Step into someone else’s shoes
For those working their way out of poverty, bureaucratic requirements can be daunting. Poverty is not just a matter of money. It influences the mental and emotional well-being of those living within the day-to-day struggles of its clutches. Even with welfare reform, low-income people continue to face challenges that can seem isolating and insurmountable. The situation, however, is not hopeless. In fact, I believe that change is possible, and it begins with education. Education begins with understanding.
I recently learned of a program, called Walk a Mile, that fosters understanding by pairing public policymakers and low-income people, one on one, for a month of “walking in each other’s shoes.”
The inspiration behind this national program is to bridge the gap between policymakers and the constituents whose lives are affected by government policy. Walk a Mile is rooted in the principle that greater personal understanding of issues facing low-income individuals by policymakers will lead to the development of sound public policy.
Walk a Mile takes place November 15 through December 14. During the course of the four-week program, low-income individuals are matched with participating policymakers and share activities that are part of their regular routine, such as going to a welfare office, food bank or grocery store; or attending a public hearing or community meeting or visiting the Legislature. Policymakers also will be asked to feed their families on the amount that a low-income constituent would receive on food stamps.
It is said that sometimes the best solutions are the simplest ones. Walk a Mile is a simple concept with the potential of far-reaching results.
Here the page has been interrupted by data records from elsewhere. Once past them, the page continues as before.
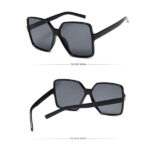 Päikeseprillid Square black sunglasses T 2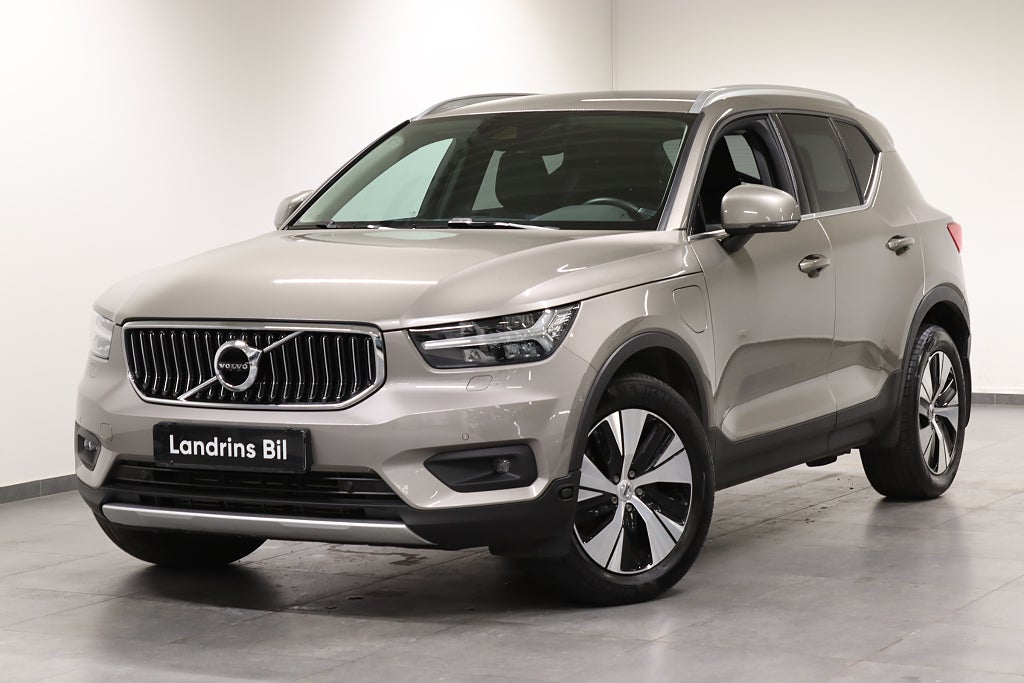 Volvo XC40 Recharge T4 Momentum 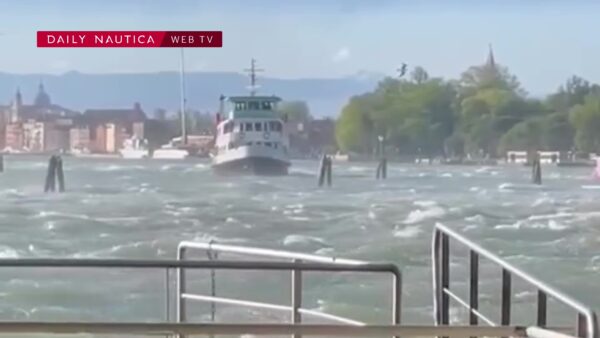 Vento forte a Venezia: la manovra difficile del vaporetto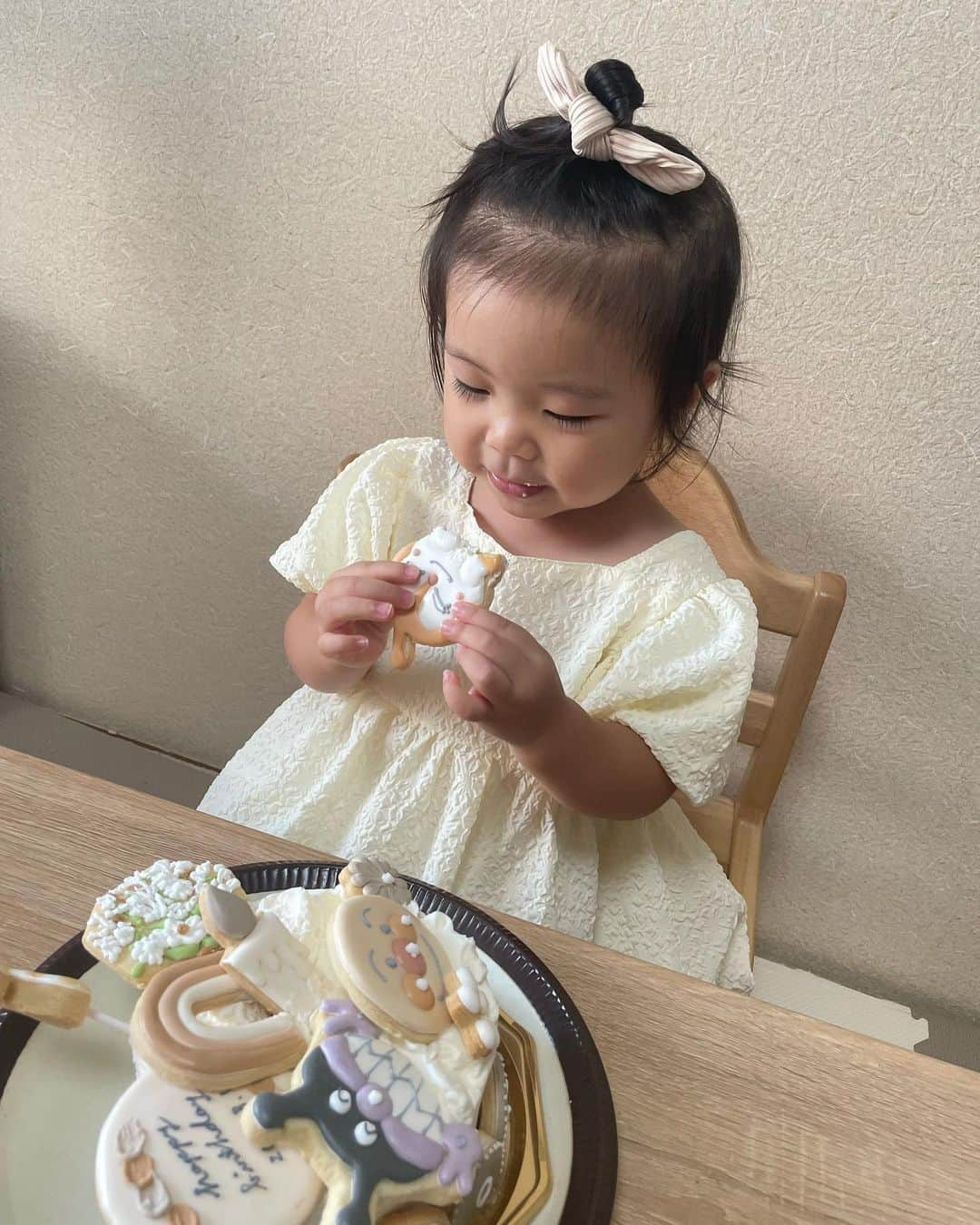 山田如凜さんのインスタグラム写真 - (山田如凜Instagram)「ㅤㅤㅤㅤㅤㅤㅤㅤㅤㅤㅤㅤㅤ 羽茉のお誕生日ケーキ🎂はシンプルで可愛いのに しようと思っていたんだけど... 羽茉が1番喜ぶのは大好きなアンパンマンかなって 思ってギリギリだったけど用意できました 𓌉◯𓇋 ㅤㅤㅤㅤㅤㅤㅤㅤㅤㅤㅤㅤㅤ アイシングクッキー🍪は （ @_march.37 ）さんに 依頼させていただいたんだけど 想像以上の可愛さのクッキーが仕上がって 味もとっても美味しかったです♥ˎˊ˗ ㅤㅤㅤㅤㅤㅤㅤㅤㅤㅤㅤㅤㅤ ケーキはシャトレーゼの4号を注文して クッキーを載せたんだけれど 欲張って色んなクッキーをオーダーしたので ボリューミーなお誕生日ケーキだけど 羽茉がめちゃくちゃ喜んでくれたし 私はとってもとっても大満足🪄 ㅤㅤㅤㅤㅤㅤㅤㅤㅤㅤㅤㅤㅤ ㅤㅤㅤㅤㅤㅤㅤㅤㅤㅤㅤㅤㅤ  #2歳誕生日 #2歳 #2歳バースデー #2歳女の子 #2歳ごはん #アンパンマンケーキ #アンパンマンアイシングクッキー #お誕生日ケーキ」8月20日 18時29分 - rin____1996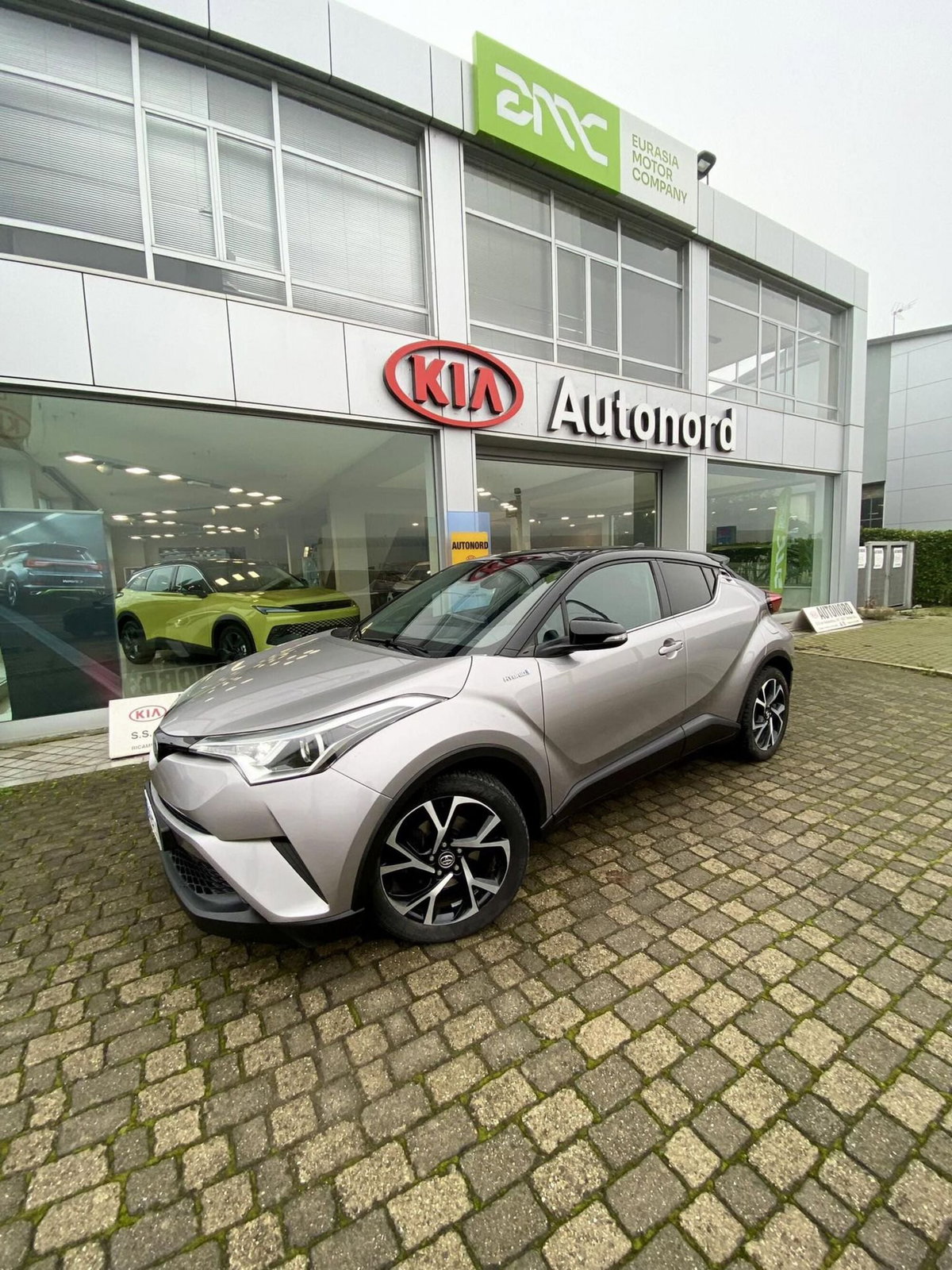 Toyota Toyota C-HR 1.8 Hybrid E-CVT Lounge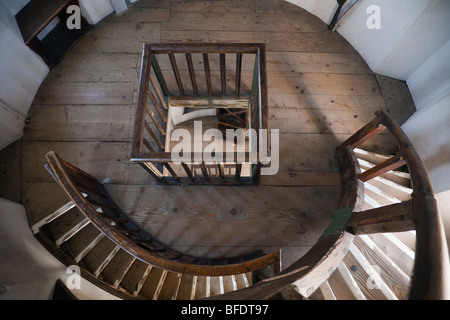 Blick nach unten von oben auf hölzerne Wendeltreppe im Inneren der Leuchtturm. Lindau, Bayern, Deutschland, Europa. Stockfoto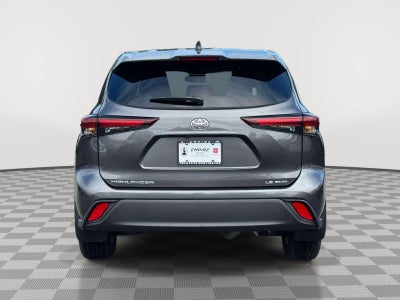 2025 Toyota Highlander LE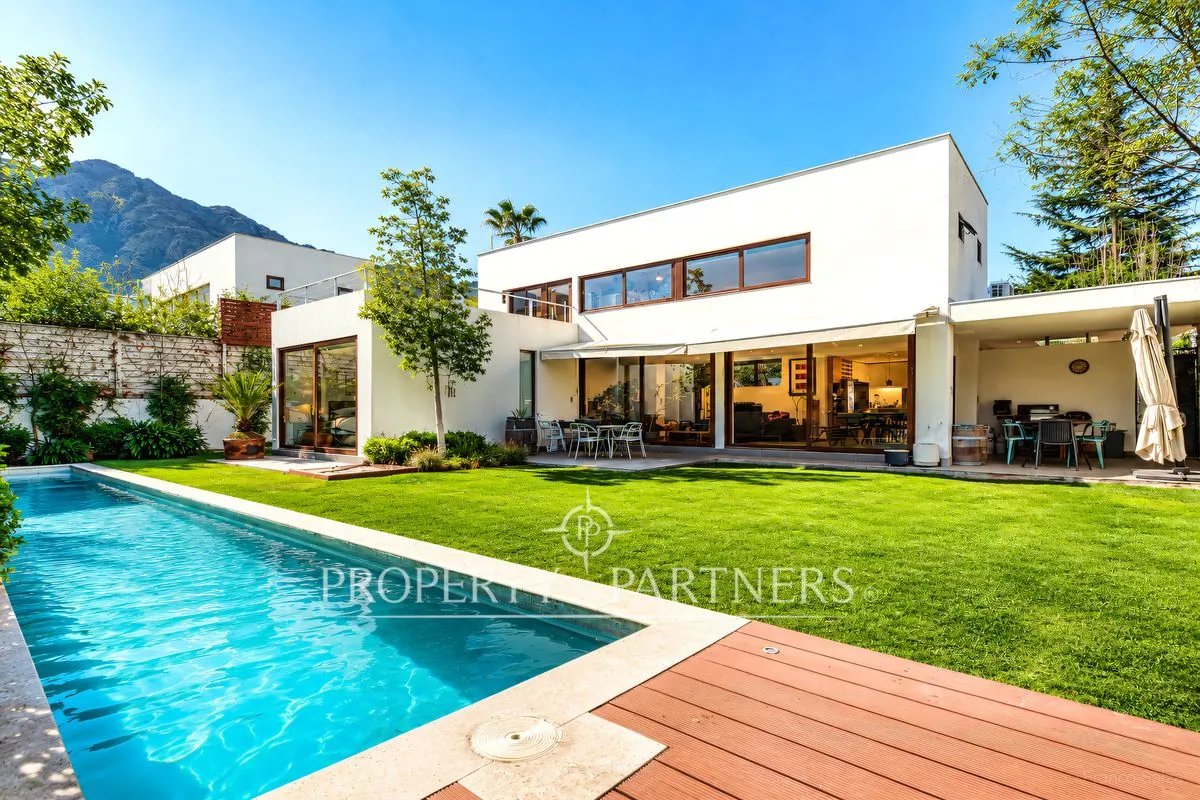 Imagen 1 de 24 de Hermosa Casa En Condominio _ La Reina Alta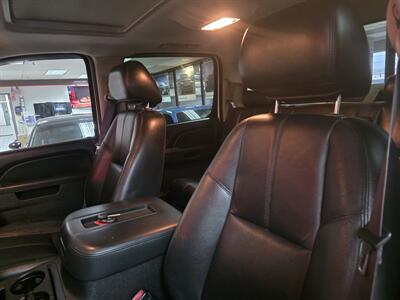 2014 Chevrolet Silverado 2500 LTZ CREW CAB 4X4/Z71/V8/DIESEL   - Photo 30 - Hamilton, OH 45015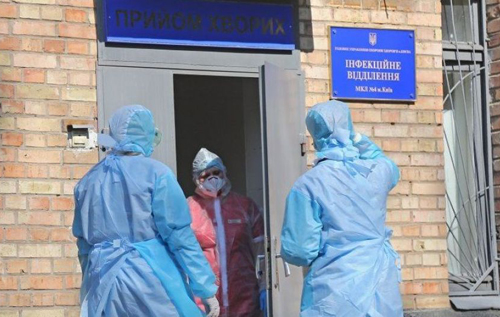"Тотальное вранье и красивая картинка важнее жизней": что происходит в Подольске, где COVID-19 заразились десятки врачей
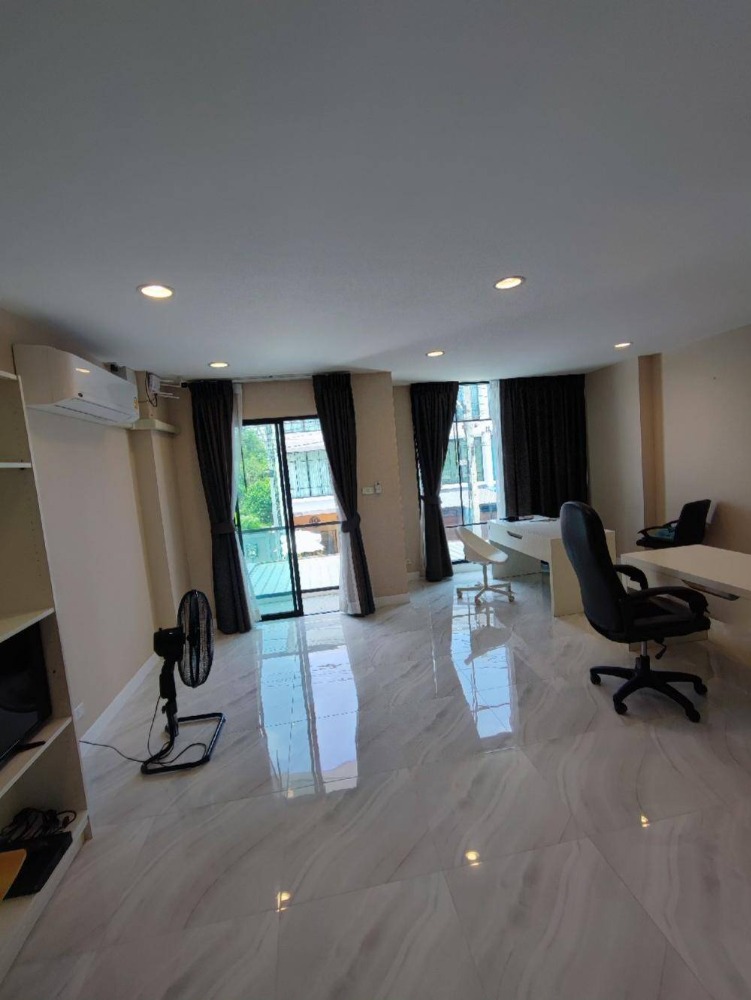 For RentTownhomePhutthamonthon, Salaya : Townhome for rent, Supachok Sai 5, Phutthamonthon Sai 5 zone, near Lotus Salaya, only 7 minutes.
Walk a Mile leads to the kind of understanding that makes politics work better for everybody by simply having people meet face to face to share their stories, reveal their experiences and learn the truth about their obstacles.
Join me in participating in this wonderful program. Please encourage your local public-policy representative to participate in Walk a Mile. If you are low-income or know a low-income person who has a story to tell, we would like to encourage you to join Walk a Mile. There is hope in the process, and I believe we can learn a lot from each other.